Be careful Jacob. That's the same type of petition that anti-gay marriage petitioners were using to trick people here in Massachusetts.
The top petition was for legalizing alchohol sales, while the rest of the petitions underneath were for "marriage is one man-one woman". They'd show you the top petition, then sneakily get you to sign a lower one.
Jacob, welcome to what has to be the weirdest Texas political fact possible. Beats LBJ and Box 13 by a mile. I grew up in Commerce, Texas, which was the only wet town between Dallas and Texarkana, save one little burg that consisted of a Baptist church and three liquor stores. My parents were friends of the local beer distributor, who gave thousands of dollars to the 'drys' when Sulphur Springs, fourteen miles to the east, tried to legalize booze. The drys won, and Commerce is still sin city for the region.
I'd like to think most of my neighbors won't insist that I continue making special trips to buy beer, wine, and liquor.
you might like to think that, but it wouldn't necessarily be a safe bet. in massachusetts this past election, something like 55% of the voters rejected just such an initiative.
there was a flood of tv advertising describing the blood in the streets that would ensue if drunk drivers could more easily buy alcohol. the ads were not, as i first suspected, paid for by madd or some police-related association. they were, of course, paid for by the liquor store owners association.
-cab
while i was typing, xmas and karen between them conspired to remove any new information from my post.
need to learn to type faster.
-cab
I guess I've yet to come across the place in Dallas proper that doesn't sell beer or wine, of course with idiotic day/time restrictions. Where I live (just north of White Rock Lake), there's a liquor store on every corner and beer/wine in all the grocery stores I visit. So I was very surprised to hear such a petition was even needed.
The northern burbs (Richarson) still have remnants of the old "unicard" in effect, which seem to be something like private drinking memberships at each bar. I've seen many a petition to remove those idiotic rules but I'm not sure if any have yet to pass.
"there was a flood of tv advertising describing the blood in the streets that would ensue if drunk drivers could more easily buy alcohol"
Get between me and my drink and I guarantee there will be blood in the streets. 😉
As a Californian, I remember being shocked at discovering that New York City (New York City!) limits wine and liquor sales to -- well, wine and liquor stores.

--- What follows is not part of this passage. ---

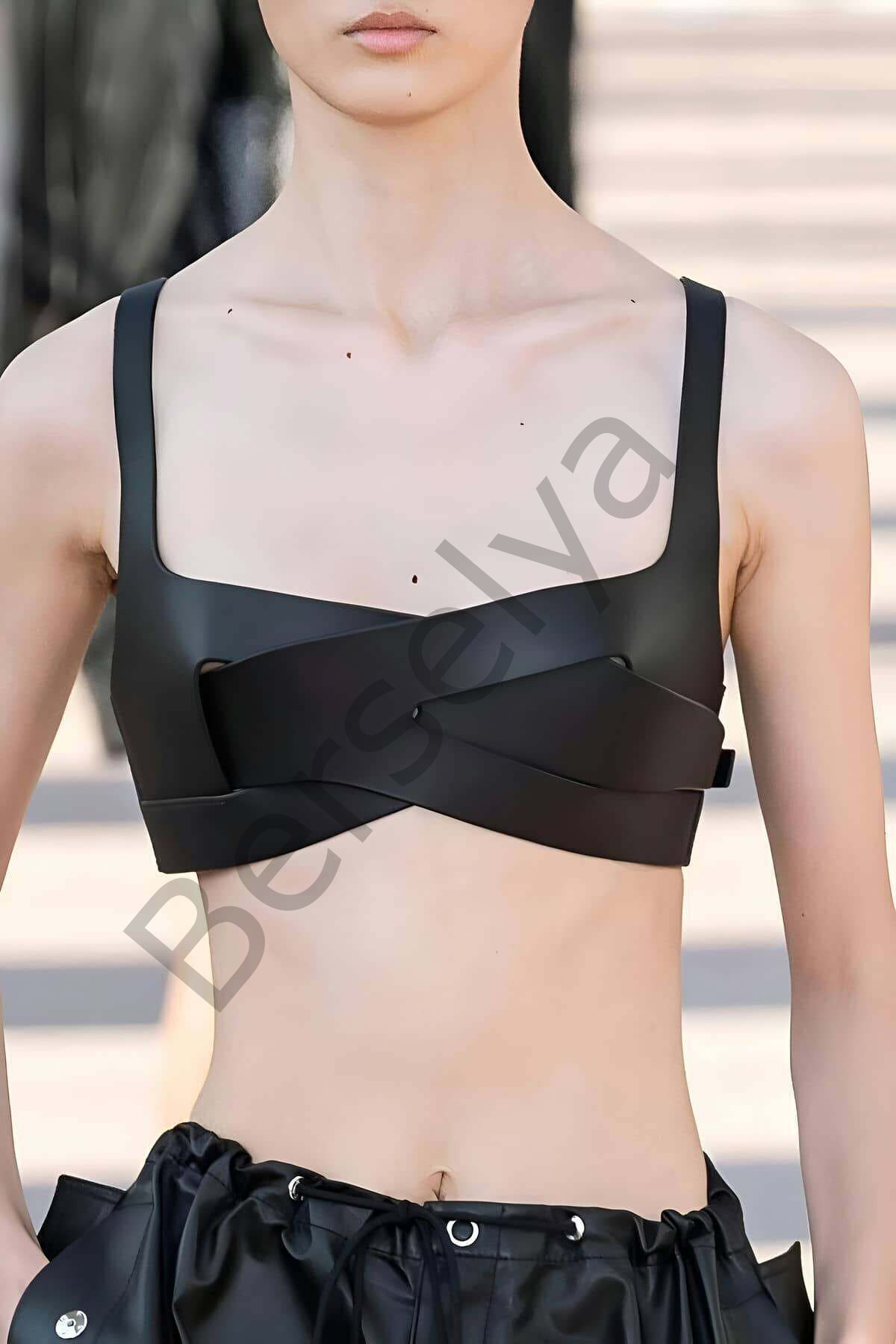 Deri Bra, Deri Sütyen Gögüs Harness - Brf1145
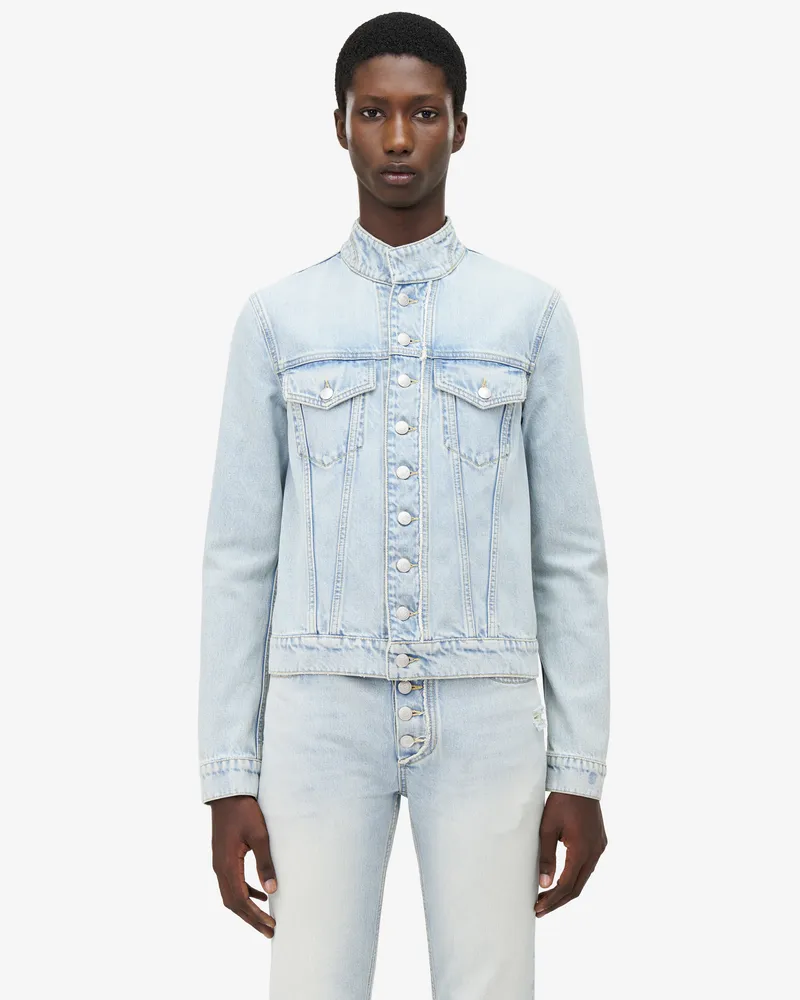 Alexander McQueen Stonewashed Jeansjacke - Item 820885QYABN4211 Ausgewaschenes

And conversely, you can't buy anything but wine or liquor at a liquor store; not even a corkscrew.
In L.A., we can buy beer, wine, whiskey, and a lot of other stuff at any neighborhood grocery store.
This same type of petition failed in Boston because of a liquor-sponsored campaign scaring people about underage drinking and drunk minorities.
I must spend all my time in the wet area, because the grocery stores I go to (Whole Foods on Greenville and Tom Thumb at Mockingbird and Abrams, plus the occasional trip to the Minyards on Gaston) all stock beer and wine.
Easy access to liquor promotes teenage abortion. Anal-abortion. Pre-maritally. By illegals. And stuff. Anyway I wont be signing that petition. But I will be opening a liquor store on the edge of Mesquite.
In L.A., we can buy beer, wine, whiskey, and a lot of other stuff at any neighborhood grocery store.
Lots of other states have preposterous liquor sales laws. Those restrictions seem very inconvenient if you are used to being able to do all your shopping in one place. When we travel, we try to take our booze with us! Another reason to hate the new restrictions on liquids in planes - bet you didn't know that the rum in your carryon is now a threat to the American way of life.
Amazingly, life manages to stutter on in California, even though we can buy rum in the same 24-hour grocery store where we get frozen peas and ziploc bags.
Small world, RC. That Tom Thumb is where I buy the wine which feeds my habit.
Here's one for you,
When I lived in Indiana you could buy beer in grocery stores, but they could only sell it warm. You could get beer, wine, liquor, and soda at the liquor store, but the soda couldn't be refrigerated. I believe this was so that they didn't have to compete against each other.
Nick
In how many states are the liquor stores owned by the state? If I remember correctly thats the way it is in Penn. which of course is a real fuck you my man, kind of deal from uncle sams younger brother.
Very small world--I grew up in Lakewood, a few blocks from that Tom Thumb; with the exception of some places in far North Dallas and Plano, I don't recall ever having been to an area of Dallas that was dry. I'm assuming that Jacob was at the one way the hell up in Plano. Or in Highland Park, which is similarly evil.
A couple years ago the state legislature was debating legalizing alcohol sales on Sunday here in Colorado.
The nooze outlets interviewed a couple of liquor store owners who said that they were against the measure, because staying open on Sunday meant that their cost of doing business would go up.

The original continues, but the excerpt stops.